Supercapacitors are useful for many applications because of their high power density, long cycle life and the potential applications on both military and commercial devices. For example, supercapacitors are important to the designs of portable laser systems and electric vehicles. Two mechanisms are associated with energy storage in a supercapacitor, namely electrical double layer charge storage and pseudo-capacitance charge storage. The capacitance of the former comes from the charge accumulation at the electrode/electrolyte interface, and therefore highly depends on the pore structure of the electrode, including such parameters as pore size and accessible surface area to the electrolyte molecules. The latter capacitance mechanism arises from to the fast reversible faradic transitions (electrosorption or surface redox reactions) of the electro-active species of the electrode, including surface functional groups, transition metal oxides and conducting polymers and this type of supercapacitor is also called electrochemical supercapacitors. The pseudo-capacitance from reversible faradic reactions of an electro-active material offers a higher power storage capacity than the electrical double layer capacitance mechanism.

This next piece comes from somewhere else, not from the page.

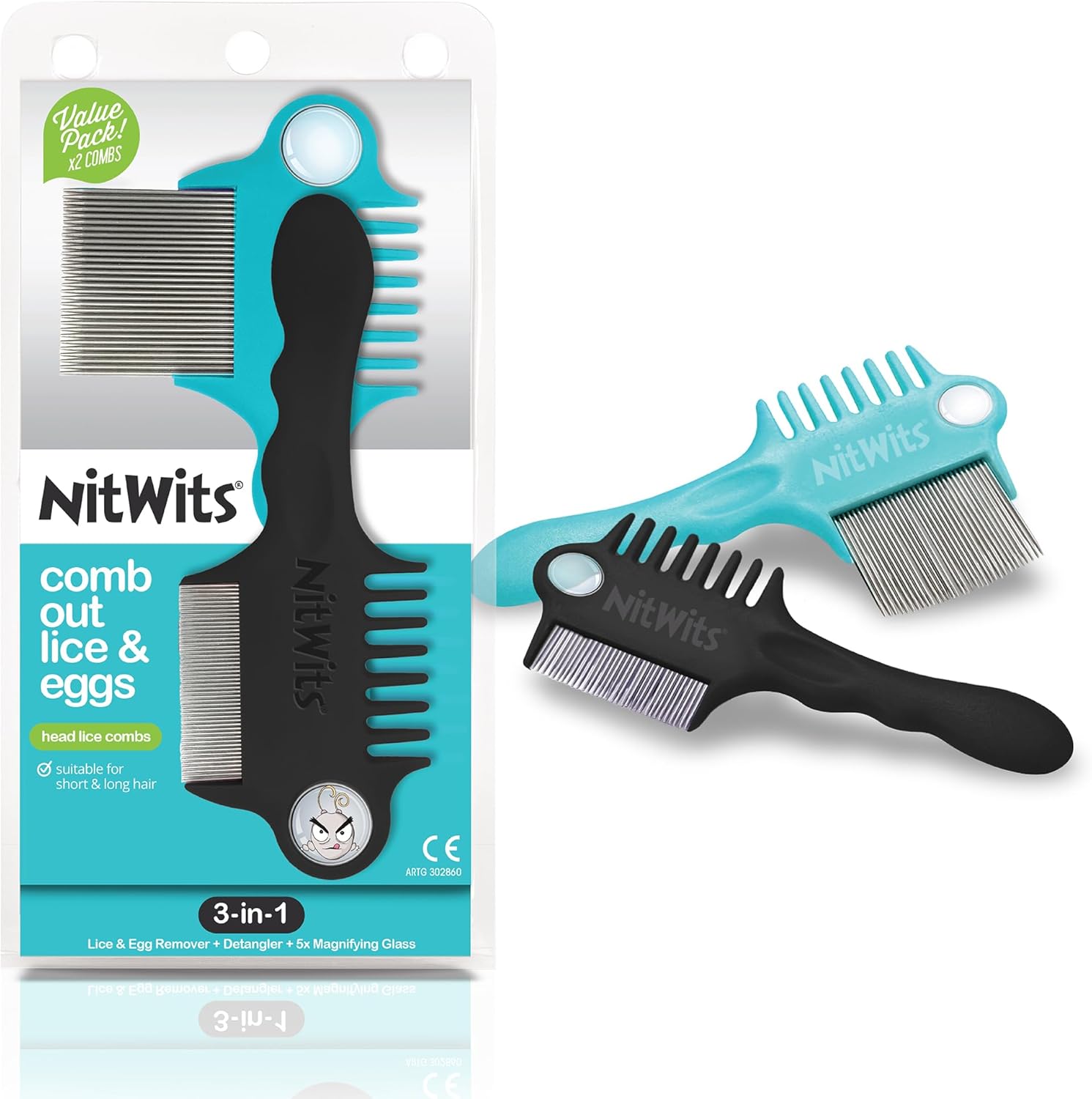 NitWits Head Lice & Egg Comb 2 Pack, 3-in-1 Lice Comb, Detangles, Removes Lice & Eggs and Includes 5x Magnifying Glass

Transition metal oxides have typically been considered to have a great potential to increase the capacitance in the electrochemical supercapacitors. Amorphous hydrated RuO2 has attracted particular interest as a supercapacitor electrode material with a capacitance over 700 F/g having been achieved, significantly higher than that has been observed with an electrical double layer capacitor. Unfortunately, hydrated RuO2 is too rare and expensive to be commercially viable as a supercapacitor material. Supercapicitors utilizing nano-crystalline vanadium nitride materials have exhibited capacitance of 1340 F/g at a 2 mV/s scan rate, which is far more than that of the hydrated RuO2 based supercapacitors. Such a high capacitance is believed to be caused by a series of reversible redox reactions on few atomic layers of vanadium oxide on the surface of the underlying nitride nanocrystals, which exhibit a metallic electronic conductivity (σbulk=1.67×106Ω−1 m−1).
Thus, there remains a need to supercapacitor material having even higher capacitance and using more readily available materials. The present invention addresses this need.